Like a lot of creatives, Lafferty considers herself a storyteller at heart. As we sit down on mohair velvet Camaleonda modular sofas, the gallery tells a story of comfort as much as craft, curation and creativity.  “I think we’re always telling different stories and that’s what draws people to us. Clients want a narrative, she explains. “And they want something that is just for them,” she adds. “Certain people have wonderful businesses with quite a distinct style, which they bring to each job. And a lot of people want that stamp. But I think each project is its own story and that means I can execute many different looks. It also means we’re always creatively stimulated. And the more we feel that as a team, the better our output.” 

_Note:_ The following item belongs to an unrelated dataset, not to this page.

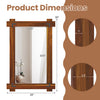Acacia wood mirror dimensions showing 30" x 20" with shatterproof glass, perfect for rustic home decor.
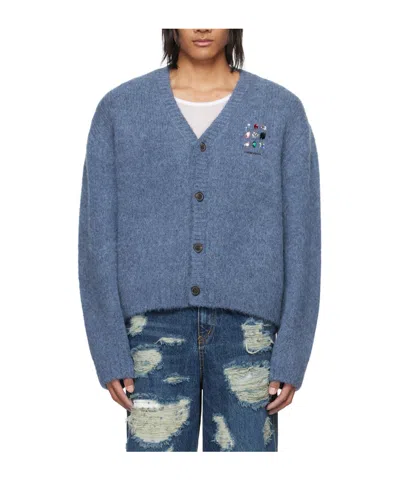 Ader Error Gemma Logo Cardigan In Blue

She references the practice’s well-publicised Cobalt Townhouse, a modern Dublin home that Lafferty brought a strikingly bold perspective to. “It’s more like an art installation than an interior,” she explains. “It was a bit of a wild card, but later we worked on a project that was incredibly refined and elegant; to be able to create those different atmospheres is where the fun is,” she admits. Anything with a sense of play and theatre appeals to the designer. “Art, furniture, lighting, interiors, fashion – it all bridges together; it’s all just a creative, playful way of thinking.” 

Whatever the medium, the idea of transformation is endlessly fascinating to Lafferty and has been since childhood. “When I was young, Mr Ben was my favourite cartoon. I loved it so much because the character would walk into a costume shop every day, put on a different outfit and become somebody else.” Lafferty is admired as much for her unique and eclectic style as her elevated interior design. She’s an enormous fan of knitwear designer Colin Burke and last year invited him to shoot his autumn/winter collection at the gallery. Today, she looks immaculate in a heavily textured forest green dress. When I ask who she’s wearing, she smiles conspiratorally and replies, “Zara”. There’s something about Lafferty’s poise and polish that makes high-street look high-end. 

Lafferty is a creative with the Midas touch and this puts the Roisín Lafferty Gallery in pole position to firm up Dublin’s international reputation as a center of design excellence, something Lafferty feels passionate about. “We all go to Milan Design Week and Copenhagen. These cities all have momentum. I know we’re a little way off that, but why can’t we have it here?” She references Making In in Cork, Design Kenmare and Dublin’s inaugural Design Week last year. We may be small, but there’s such creativity here, such wonderful artists. And people are drawn to Ireland,” she adds. “Never underestimate the power of Irishness in an international field. It’s time we maximised that.”